::: EXERCISE DATA
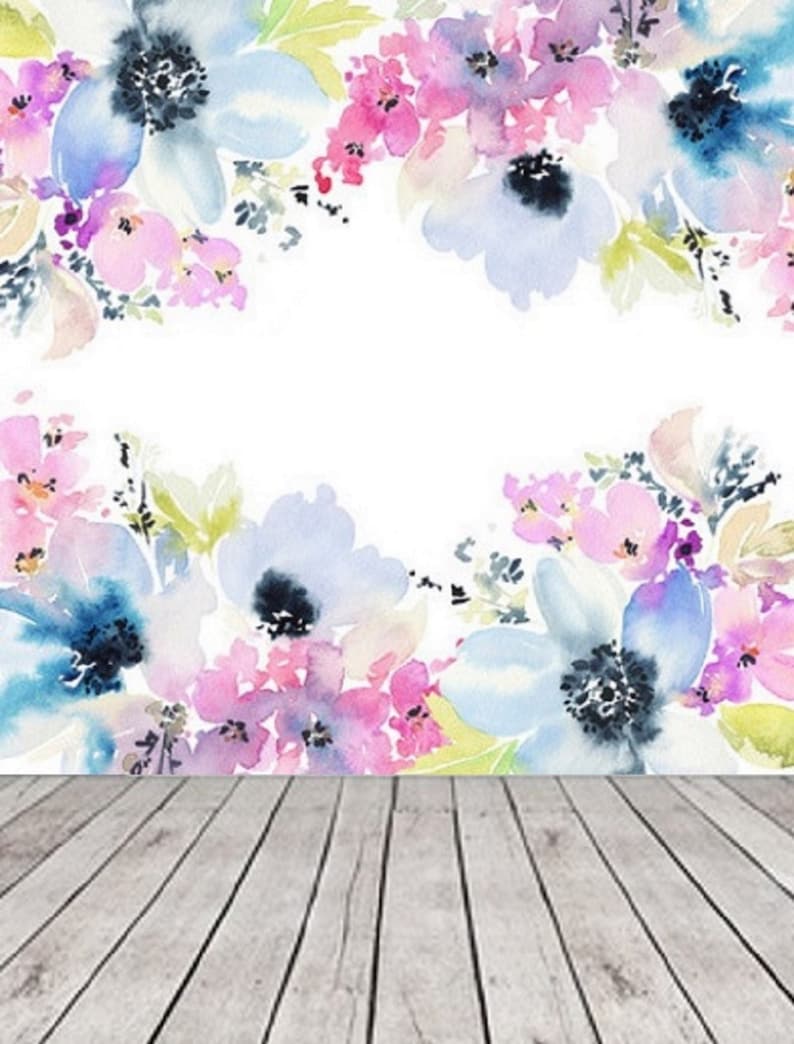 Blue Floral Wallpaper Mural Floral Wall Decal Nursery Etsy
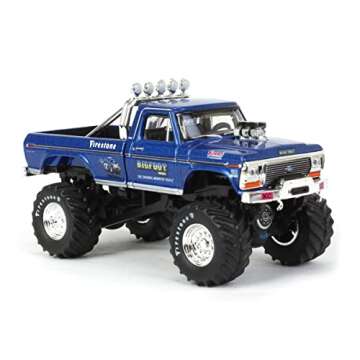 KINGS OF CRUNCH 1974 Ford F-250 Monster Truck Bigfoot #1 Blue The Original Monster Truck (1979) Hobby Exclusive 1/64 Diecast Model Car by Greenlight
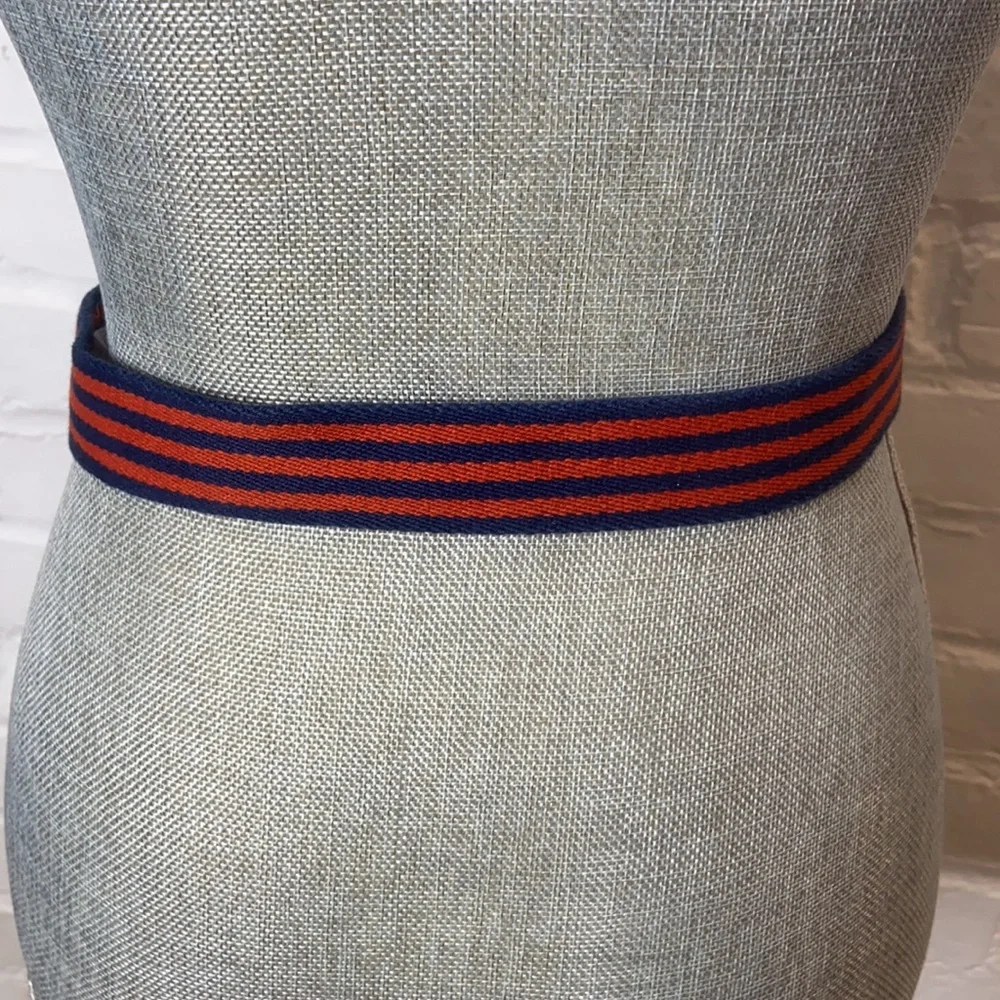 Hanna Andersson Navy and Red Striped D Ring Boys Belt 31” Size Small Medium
::::::
- _DIRECTIONS FOR THIS TASK_
Down to the final line, restate the material above word for word, but omit its pictures.

- _FINAL ANSWER_
 Blue Floral Wallpaper Mural Floral Wall Decal Nursery Etsy
 KINGS OF CRUNCH 1974 Ford F-250 Monster Truck Bigfoot #1 Blue The Original Monster Truck (1979) Hobby Exclusive 1/64 Diecast Model Car by Greenlight
 Hanna Andersson Navy and Red Striped D Ring Boys Belt 31” Size Small Medium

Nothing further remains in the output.